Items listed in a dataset
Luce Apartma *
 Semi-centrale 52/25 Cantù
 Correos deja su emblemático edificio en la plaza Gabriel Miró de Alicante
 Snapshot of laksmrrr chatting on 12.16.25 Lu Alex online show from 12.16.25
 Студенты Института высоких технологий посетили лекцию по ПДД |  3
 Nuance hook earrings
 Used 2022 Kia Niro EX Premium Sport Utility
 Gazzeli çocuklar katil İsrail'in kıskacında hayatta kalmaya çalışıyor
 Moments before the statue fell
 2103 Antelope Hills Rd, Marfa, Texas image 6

_Problem statement_
Please reproduce each entry above exactly as it reads.

_Answer to the problem_
Luce Apartma *
 Semi-centrale 52/25 Cantù
 Correos deja su emblemático edificio en la plaza Gabriel Miró de Alicante
 Snapshot of laksmrrr chatting on 12.16.25 Lu Alex online show from 12.16.25
 Студенты Института высоких технологий посетили лекцию по ПДД |  3
 Nuance hook earrings
 Used 2022 Kia Niro EX Premium Sport Utility
 Gazzeli çocuklar katil İsrail'in kıskacında hayatta kalmaya çalışıyor
 Moments before the statue fell
 2103 Antelope Hills Rd, Marfa, Texas image 6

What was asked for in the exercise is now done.